Which is neither here nor there, for right now. We seem to have wandered off again, and this time I can’t afford the luxury of raving at great length about anything that slides into my head. So, rather than miss another deadline, I want to zip up the nut with a fast and extremely pithy five hundred words because that’s all the space available, and in two hours I have to lash my rum-soaked red convertible across the Rick-enbacker Causeway to downtown Miami and then to the airport—in order to meet John Lindsay in either Tallahassee or Atlanta, depending on which connection I can make: it is nearly impossible to get either in or out of Miami this week. All flights are booked far in advance, and the hotel/motel space is so viciously oversold that crowds of angry tourists are “becoming unruly”—according to the Miami Herald—in the lobbies of places that refuse to let them in.
Fortunately, I have my own spacious suite attached to the new National Affairs office in the Royal Biscayne Hotel.

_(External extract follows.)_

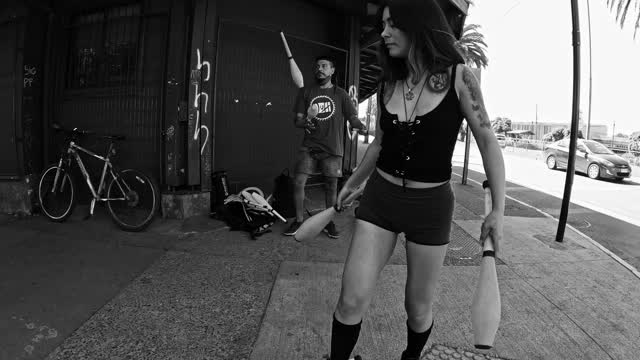 Street juggling on unicycles!!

When things got too heavy in Washington I had no choice but to move the National Affairs desk to a place with better working conditions. Everybody agreed that the move was long overdue. After three months in Washington I felt like I’d spent three years in a mine-shaft underneath Butte, Montana. My relations with the White House were extremely negative from the start; my application for press credentials was rejected out of hand. I wouldn’t be needing them, they said. Because Rolling Stone is a music magazine, and there is not much music in the White House these days.
And not much on Capitol Hill either, apparently. When I called the Congressional Press Gallery to ask about the application (for press credentials) that I’d filed in early November ’71, they said they hadn’t got around to making any decision on it yet—but I probably wouldn’t be needing that one either. And where the hell did I get the gall to apply for “press” status at the Democratic and Republican National Conventions this summer?